A pastor friend of mine had the difficult task of officiating over the funeral of a grandfather and his 16-year-old grandson. Both Christians. Both outstanding people. Both loved by many. The young teenager, however, had recently accepted Christ as his Lord and Savior. The two were killed in an automobile accident in which the grandson was driving. Accidentally, the young driver ran a red light and unexpectedly, an eighteen wheeler t-boned the old Ford pick-up. The mother of the 16-year-old was afraid the boy had not been a Christian long enough. She knew her father had served the Lord endlessly for most of his life. Would there be reward for her son in Heaven? Had her son been a Christian long enough to enter Heaven?
The pastor stood before a grieving family, trying to find words of hope and encouragement; trying to find some way to ease the pain of all who sat before identical coffins in an overcrowded sanctuary. He started with the parable in Matthew 20. The parable Jesus tells is in response to a question by Peter in Matthew 19:27, “Then Peter said to Him, “Behold, we have left everything and followed You; what then will there be for us?”
A landowner needs to hire workers to harvest grapes. I imagine it like a day pool of laborers – people waiting to do jobs for the day. The landowner hired a group of workers for a common day pay and took them into the fields. Several hours later, he went back to the day pool and hired some more workers. He took them to the fields. Again, he went back to the day pool area several hours later and hired some more workers. He took them to the fields. And, one hour before the end of the day, he went back to the labor pool and hired a final group of workers.

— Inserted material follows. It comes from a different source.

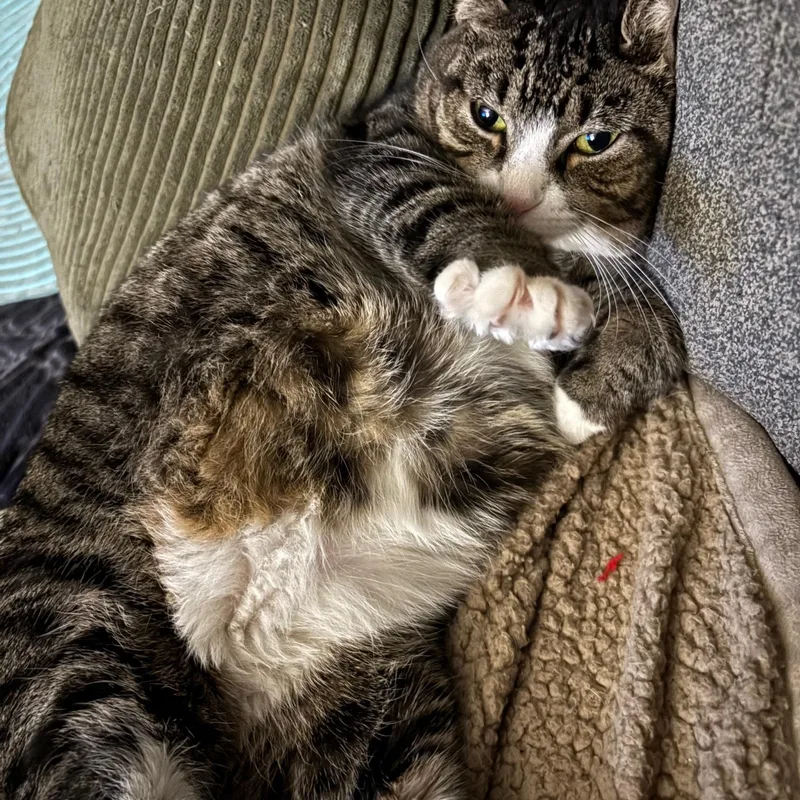 Tiger Lilly thumbnail 3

At the end of the day, he paid every worker the day’s wage. Those who had started first thing in the morning were angry. They had worked all day! It didn’t seem fair that the workers who came last would be paid the same as them. The landowner asked if they had agreed to work for one denarius. They had; then, as long as he had not cheated anyone, what did it matter?
What counts in the kingdom of God is not service hours but the attitude of the heart. There are no time cards to punch in or out. Although the time on earth seems very small for the young 16-year-old in comparison to his grandfather’s 80 years, God receives them both into the Kingdom of Heaven by His grace which He extends to those who love Jesus Christ. In the divine sense, neither life ended too late or too soon. Both grandfather and grandson will be welcomed into Heaven in the same manner.
The wonderful gift of grace from God is measured not by the time we put in; but by the heart we have while we put in the time.
Today, thank God that your heart matters to Him. The point of Jesus’ parable is to help us understand, the love and grace God extends to us should be the reason for our labor, not the result of our labor.